Ejection tube 26 has an enlarged front portion 114 with a groove 116 formed therein for acceptance and retention of front seal 120. Ejection tube 26, housing 22 and expansion mandrel 40 form an inner annulus 121 between front seal 120 and back seal 104. Jet passage 122 communicates from inner annulus 121 through ejection tube 26 into ejection tube central bore 124, preferably at an angle of approximately 45 tube axis, toward the rear portion 100 of the tube 26. Inner annulus 121 is connected to outer annulus 80 by passage 126, thereby allowing free and continuous flow from air fitting 86 to ejection tube central bore 124.
Inner collector tube 16 has a front internal bore 130 configured for attachment to rear outer surface 132 of housing 22. As shown in FIGS. 2 and 3, this configuration of internal bore 130 and outer surface 132 may include threads 134 of a relatively steep pitch, for example, an 8 UN-2A Acme thread with at least one full thread. The mating threads may be ultrasonically bonded to ensure that they will not vibrate loose. Preferably, however, they are not bonded so firmly as to prevent their disengagement for overhaul purposes. The rear end of inner collector tube 16 has an enlarged outer surface 136 forming forward facing stop surface 140. Inner collector tube central bore 142 is preferably smooth and cylindrical and is directed out rear aperture 144 without obstruction.
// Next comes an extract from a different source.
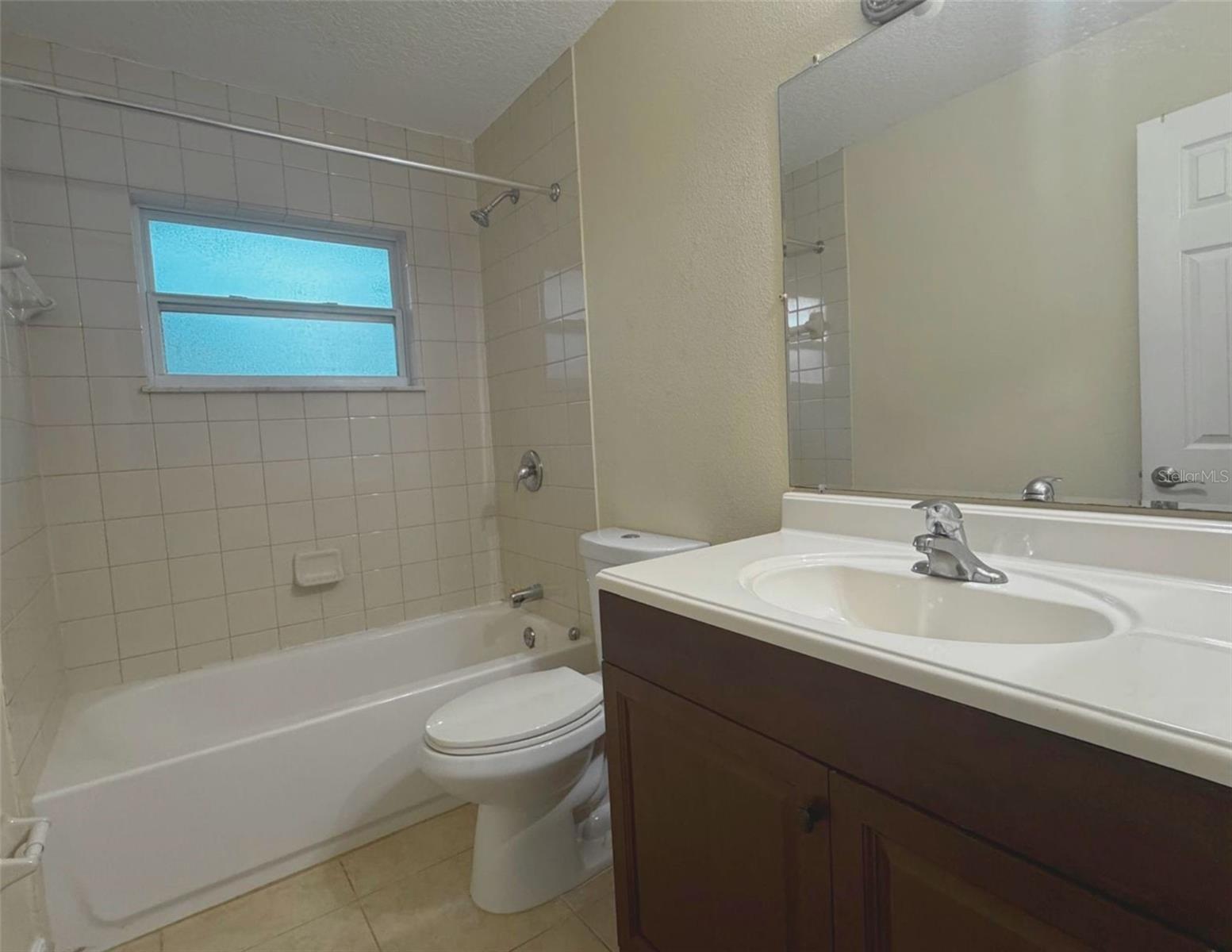 Image 18 of 22 For 10618 Eastview Drive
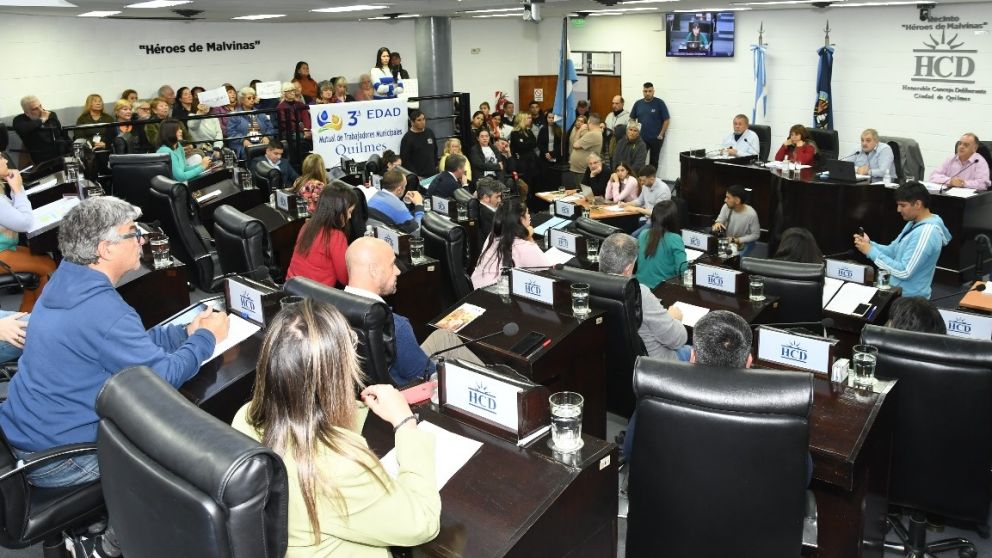 Debate en el HCD de Quilmes por 300 minutas de concejal libertaria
Outer canister 14 is an assembly including the canister body 150 which is generally tubular and has a closed rear end 152. Recessed in and attached to the inside of outer canister rear end 152 is end plate 154. End plate 154 is preferably made of steel to enhance both the sound of the stem striking the end plate 154 and its resistance to wear. End plate 154 may be attached to canister rear end 152 by a number of suitable means, including the adhesive pad 153 shown, rivets, screws and a retainer ring. After enlarged outer rear surface 136 of inner connector tube 16 is placed inside outer canister body 150, the outer canister assembly 14 is completed by attaching to the body 150 the canister mounting ring 156. Canister mounting ring 156 is preferably permanently adhered to canister body 150, for example, by ultrasonically joining together both parts. After assembling the inner collector tube 16 and outer canister assembly 14, the inner collector tube 16 is affixed to housing rear outer surface 132, for example, by engagement of mating threads 134 and adhesive bonding. Outer canister 14 may then be selectively engaged and disengaged to housing 22 by any of a number of means. Preferably, canister mounting ring 156 has formed therein threads 160 which mate with threads 162 on the exterior of housing 22. The threads may advantageously be quick engaging threads of a relatively steep pitch, for example, 8 UN-2A Acme doublelead threads.
Outer canister body 150 has a window 164 formed in one side thereof. The width of window 164 preferably equals or exceeds the inside diameter of inner collector tube 16.
While inner collector tube 16 is preferably made of a transparent or otherwise non-opaque plastic material, such as a clear grade plexiglas acrylic, outer canister 14 is preferably constructed of an opaque material with great toughness, impact strength and scratch resistance. The material should provide the toughness, impact strength and scratch resistance necessary to allow a tool to withstand abrasions and impact through the rough handling encountered in industrial applications. The preferred material is Triax No. 1180, made by Monsanto Chemical Co. One of ordinary skill in the art will appreciate that other materials will perform well, including super-tough nylons and other high impact-resistant polymers. The air fitting ring 25 may conveniently be made of the same material as the outer canister 14.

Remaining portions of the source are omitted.